Giovedì 1 dicembre, dalle 12.30 alle 14.30, verrà presentato alla Terrazza Martini in Piazza Diaz a Milano il volume Milano, città e spettacolo – teatro danza musica cinema e dintorni, edito da A.I.M. e curato da Antonio Calbi. Il libro contiene numerosi interventi critici e testimonianze di artisti e operatori culturali milanesi. Si può già leggere su ateatro uno stimolante saggio scritto per l’occasione da Oliviero Ponte di Pino: “Milano, città senza avanguardia teatrale“.
Qui sotto riporto il mio breve contributo al volume.
Siccome a Milano sono nato e ci abito con una certa continuità da circa quarantacinque anni, ho sempre cercato di occuparmene il meno possibile. A un piccolo borghese timido e sedentario, la scrittura offre la chance più accessibile e (ingannevolmente) rassicurante di viaggiare. Dato che ero chi ero, tentavo almeno di non essere dov’ero. Ho tuttavia fatto un’eccezione, intorno al 2000, quando Antonio Calbi mi ha commissionato un testo breve per la “Maratona di Milano”. Era il monologo di un imprenditore alla deriva, che perfino nella mezz’ora che precede il suicidio si dimostra incapace di ignorare lo squillo del suo cellulare ultimo modello. Curiosamente, dopo la “Maratona” Qualcosa trilla non è stato ripreso a Milano, mentre la sua traduzione in inglese a cura di Maggie Rose ha avuto un inatteso successo a Edimburgo e in altre città britanniche. Sarà stato perché l’alienazione di quel personaggio milanese poteva facilmente rimandare a quella di analoghi tipi metropolitani di lassù. Comunque, a più di dieci anni di distanza, penso che quel mio testo fosse un ricamo di personali idiosincrasie intorno a un’immagine di Milano-città-da-bere (stressante, superficiale e conformista) che già allora stava perdendo d’attualità.

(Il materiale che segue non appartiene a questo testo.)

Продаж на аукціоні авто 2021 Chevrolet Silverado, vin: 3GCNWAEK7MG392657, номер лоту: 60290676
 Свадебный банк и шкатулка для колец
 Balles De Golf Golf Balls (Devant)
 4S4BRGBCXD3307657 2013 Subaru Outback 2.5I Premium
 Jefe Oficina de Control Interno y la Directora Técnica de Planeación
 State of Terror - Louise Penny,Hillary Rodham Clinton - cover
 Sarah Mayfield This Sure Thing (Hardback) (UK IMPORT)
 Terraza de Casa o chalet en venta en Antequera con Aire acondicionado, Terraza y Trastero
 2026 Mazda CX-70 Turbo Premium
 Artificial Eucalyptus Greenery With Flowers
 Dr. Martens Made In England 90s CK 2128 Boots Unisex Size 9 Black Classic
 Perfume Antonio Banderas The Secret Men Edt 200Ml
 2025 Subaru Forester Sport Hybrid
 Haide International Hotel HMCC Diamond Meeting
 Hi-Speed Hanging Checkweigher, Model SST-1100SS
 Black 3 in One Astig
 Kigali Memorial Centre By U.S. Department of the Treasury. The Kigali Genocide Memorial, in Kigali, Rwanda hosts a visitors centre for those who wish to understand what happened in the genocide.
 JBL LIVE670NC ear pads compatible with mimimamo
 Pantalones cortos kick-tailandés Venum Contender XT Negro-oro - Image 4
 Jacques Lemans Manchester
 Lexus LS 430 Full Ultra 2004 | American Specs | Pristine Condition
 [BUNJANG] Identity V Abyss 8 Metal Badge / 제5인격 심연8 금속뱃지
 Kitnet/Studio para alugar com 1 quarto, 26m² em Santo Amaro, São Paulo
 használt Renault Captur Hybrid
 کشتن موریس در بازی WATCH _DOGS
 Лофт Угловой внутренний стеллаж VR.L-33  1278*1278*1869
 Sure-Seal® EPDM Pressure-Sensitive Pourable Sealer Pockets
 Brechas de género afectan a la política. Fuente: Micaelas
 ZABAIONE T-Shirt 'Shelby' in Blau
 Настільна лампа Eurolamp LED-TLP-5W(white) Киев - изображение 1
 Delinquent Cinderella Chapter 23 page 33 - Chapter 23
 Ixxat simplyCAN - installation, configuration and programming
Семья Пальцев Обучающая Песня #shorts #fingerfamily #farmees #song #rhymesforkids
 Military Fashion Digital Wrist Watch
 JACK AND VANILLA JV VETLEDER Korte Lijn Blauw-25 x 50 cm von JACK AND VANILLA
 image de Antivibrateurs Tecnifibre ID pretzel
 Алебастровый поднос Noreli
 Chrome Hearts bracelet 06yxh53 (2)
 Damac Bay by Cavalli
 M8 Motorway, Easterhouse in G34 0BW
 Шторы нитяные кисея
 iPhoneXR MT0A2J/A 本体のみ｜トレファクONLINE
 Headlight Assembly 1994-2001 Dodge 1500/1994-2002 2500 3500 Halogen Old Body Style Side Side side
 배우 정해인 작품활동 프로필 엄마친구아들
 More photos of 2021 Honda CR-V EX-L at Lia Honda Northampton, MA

Oggi mi sento più sereno rispetto a questa città, e forse un po’ più obiettivo. Sul suo ambiente culturale – l’unico di cui ho una buona conoscenza diretta – posso testimoniare che è piuttosto serio e operoso. Milano, malgrado la riduzione di risorse degli ultimi anni, eccelle nell’acquisto e ospitalità di spettacoli, concerti, mostre ed eventi vari; ha numerosi spazi artistici, piccoli e grandi, molto ben gestiti. Credo tuttavia che in Italia questo sia il posto migliore per “consumare” cultura, ma non per produrla. In teatro, per esempio, alla forte concorrenza (caratteristica locale) si sovrappone lo scarso ricambio nei posti di potere (caratteristica nazionale), rendendo la vita difficile ai piccoli gruppi di qualità e, ancora di più, agli artisti-“cani sciolti”. Si tende ad attribuire alle istituzioni pubbliche tutta la responsabilità di questo scarso dinamismo, che però è reso possibile dalla mentalità conservatrice di noi teatranti, tanto più radicata – lo sappiamo – quanto più si ammanta di una sincera retorica progressista. I conflitti interni al nostro ambiente rimangono sottotraccia, borbottati, in un’armonia apparente sospesa tra buonsenso ambrosiano e tirare-a-campare. La gerontocrazia perfetta, del resto, è quella in cui i giovani sognano di invecchiare presto.
Se non vogliamo trasformarci una volta per tutte in artigiani specializzati nella manutenzione della falsa coscienza, dobbiamo ridare a Milano e alla sua vita culturale entusiasmo, trasparenza e un po’ di sana crudeltà.